On Sunday, July 7, 1861, the Confederate privateer Jefferson Davis captured the schooner S. J. Waring about 150 miles off the coast of Sandy Hook, New Jersey.  The Confederates put a five-man prize crew on the schooner and headed her toward Charleston.

It would not end well for the privateers.  Aboard the S. J. Waring was an African-American serving as the ship's cook, William Tillman (also spelled Tilghman).  He was told that he, like the ship and the cargo, was Southern property and would be sold into bondage when the ship reached the South.

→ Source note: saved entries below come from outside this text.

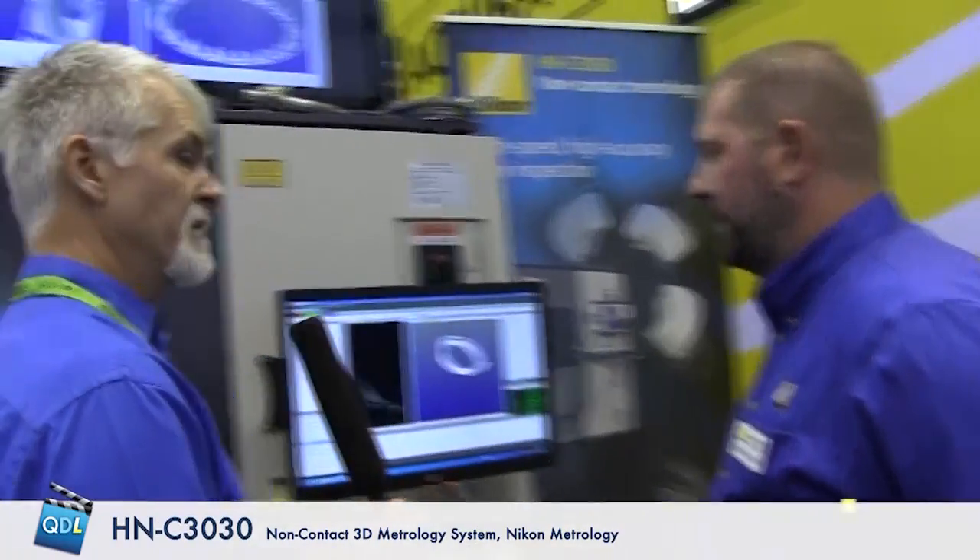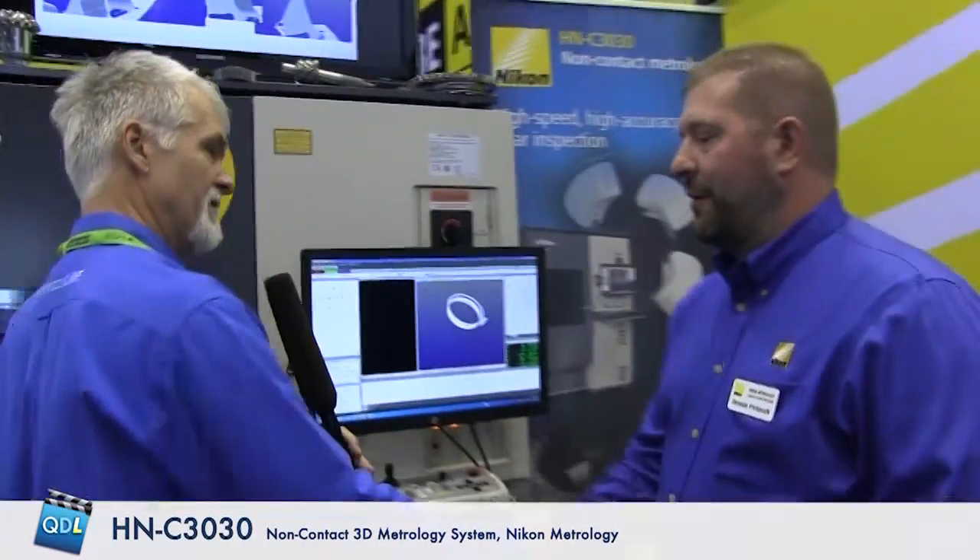Reverse engineering gears is also possible. We'd use third-party software to generate the CAD file, but the machine can export an STL file or point cloud which can then be taken into third-party software to generate an IGES or STEP file. Thank you Dennis for demonstrating the HNC 3030 — appreciate it.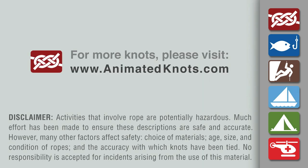For more information about this knot and many others, and to learn about our mobile apps, please visit animatedknots.com.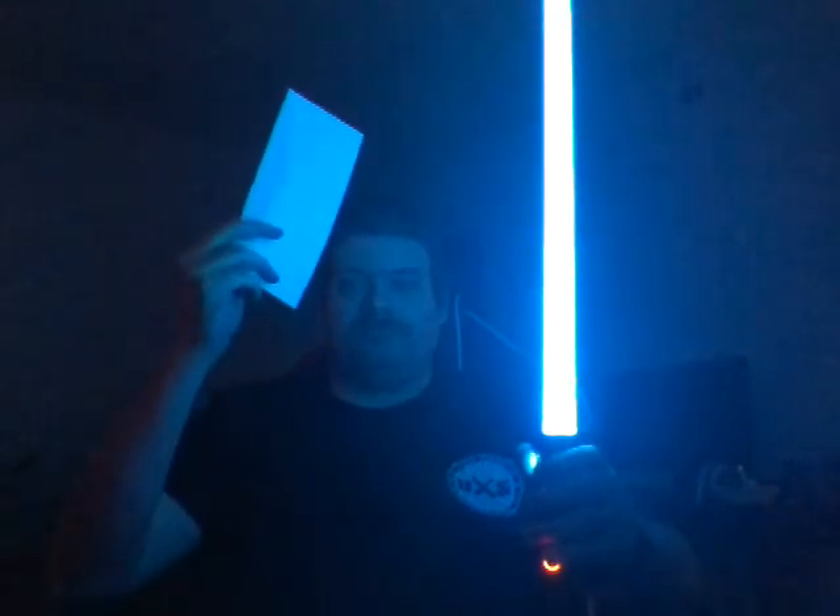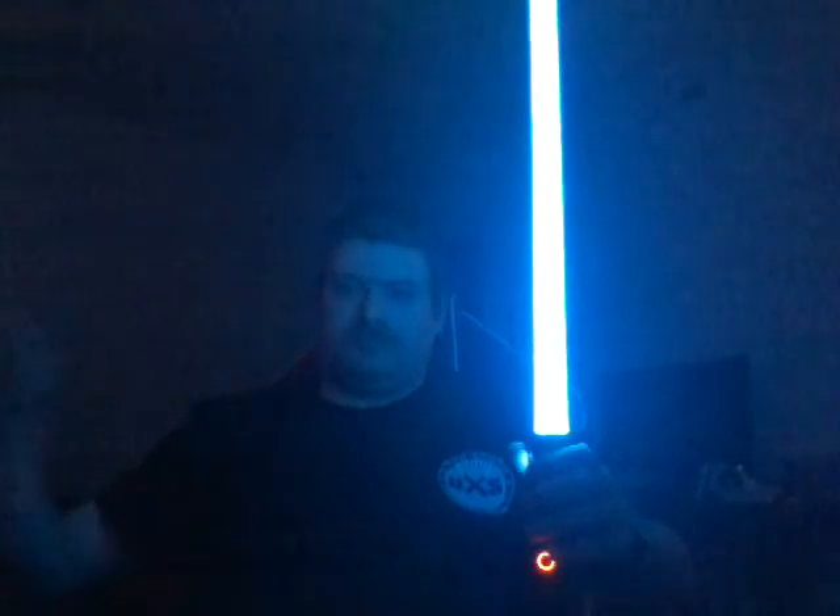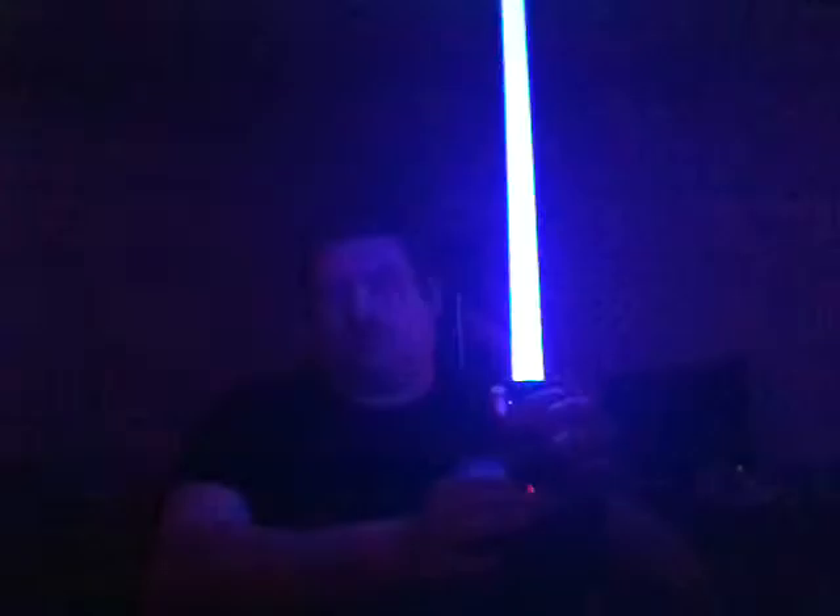That's Arctic blue. Shut the saber off. Reignite the saber — that's the purple mute font.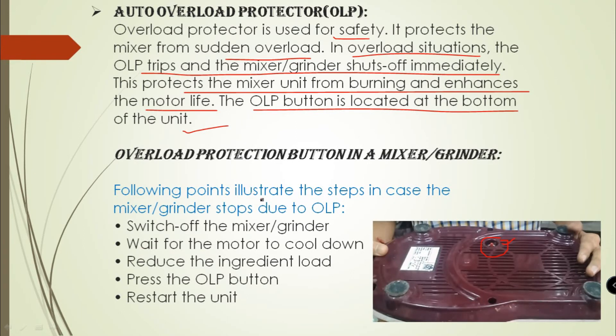The following points illustrate the steps in case the Mixture Grinder stops due to overload. First, switch off the Mixture Grinder. Next, wait for the motor to cool down. Next, reduce the ingredient load. Next, press the OLP button and restore the unit.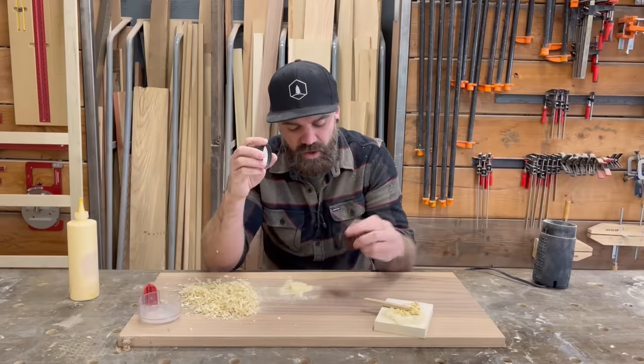There you have it — another tips and tricks video. Hopefully you enjoyed that and learned something. If you want to support the channel, there's a Patreon link with live Q&A sessions, behind-the-scenes footage, and coupon codes to the website. Also check the video description for product links and a link to my website where you can get some merch. Until next time.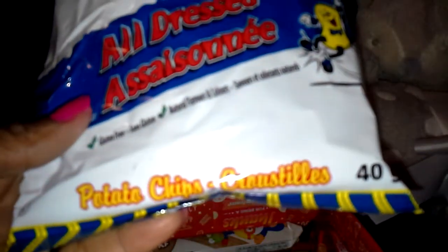Let me try these. Let's see what they look like. They look nice. All dressed. Honestly, they just taste like regular barbecue chips. Nothing incredible.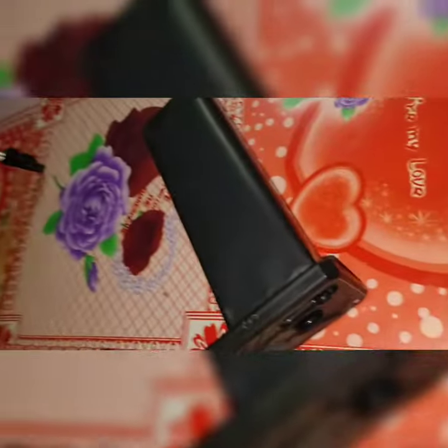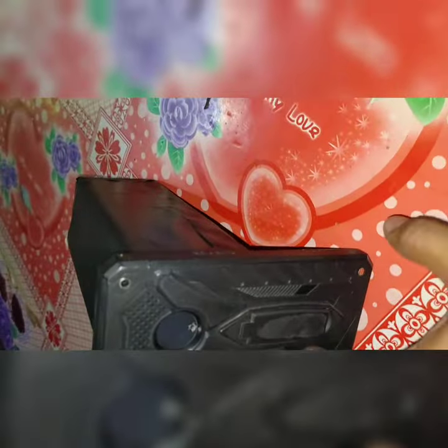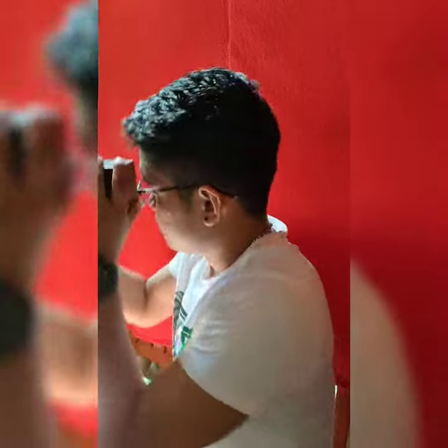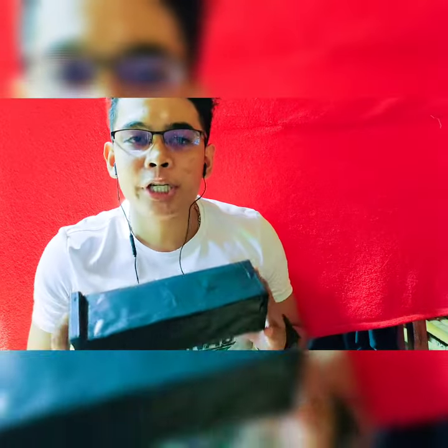Ladies and gentlemen, we are done making our pinhole camera. Hi, good morning. Since I am done making my pinhole camera, today I am going to be sharing with you how this pinhole camera really works.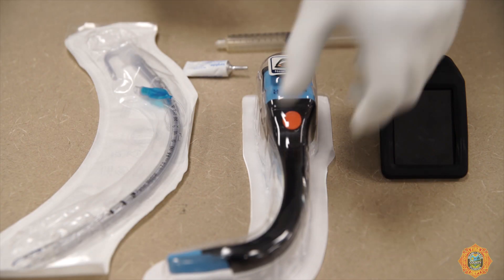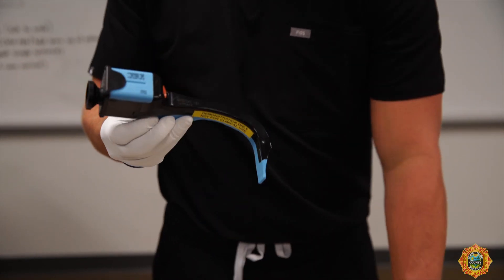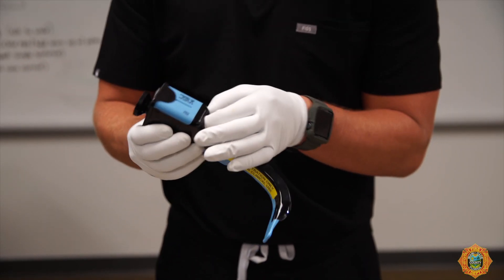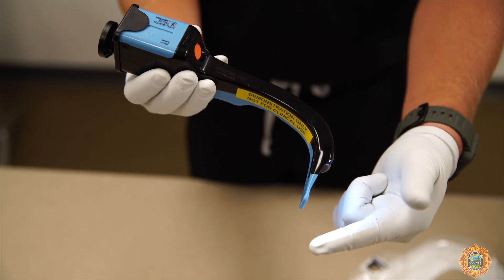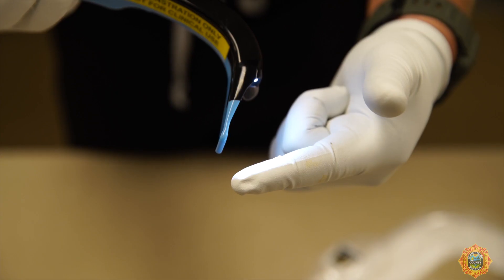Let's take a look at the procedures for visual laryngoscopy. Select the appropriate size AirTrack SP according to the size of ET tube to be inserted. Press the orange switch located below the battery cover to turn on the light. After 30 seconds, ensure that the light is steady.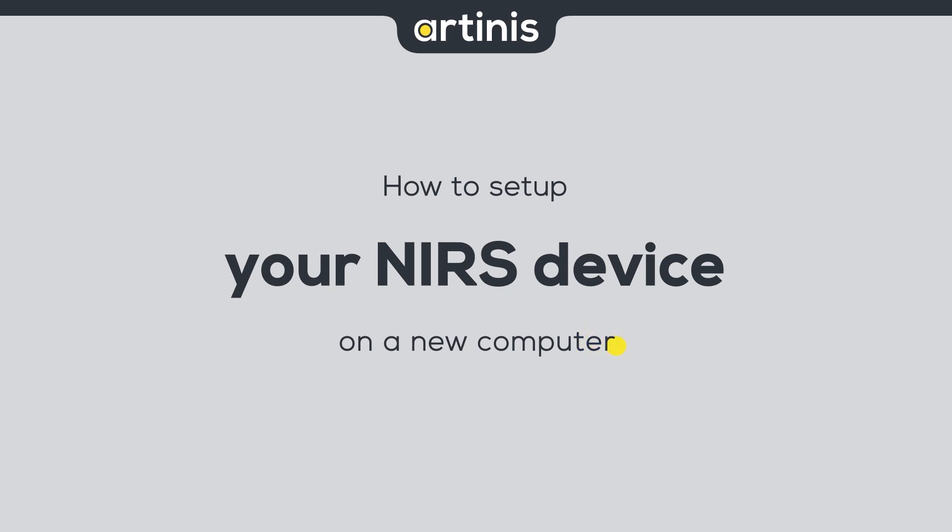Hi, this is Sophie from Artinus Medical Systems. Our wearable devices usually connect to our software OxySoft via Bluetooth. Your device is already set up on the Artinus laptop to provide the plug and play experience.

On the night of July 16, Tillman went to the captain's cabin with an axe and killed the captain and first mate in their sleep.  He then went up on deck and killed the second mate.  He tossed the bodies overboard, then forced the remaining members of the prize crew to surrender.  Tillman, two other crew members who had remained on board, a passenger, and the two surviving members of the prize crew sailed the ship to New York, arriving there on July 22.  Tillman was awarded $6000 in prize money.


Also on this date, the U.S.S. Resolute encountered and successfully swept two moored mines in the Potomac River.  Following the battle of Aquia Creek, the Confederates had placed the mines near where the creek joined the river.  This was almost certainly the first time the Confederates used mines, but they would sink some 40 ships with them during the war.

John Ellis, the governor of North Carolina, died at Red Sulphur Springs, Virginia (now West Virginia).  Ellis had been in ill health for some time and had traveled to Red Sulpher Springs to recuperate.  Henry Clark, the speaker of the state senate, had assumed Ellis's duties when he left the state and served out the remainder of his term.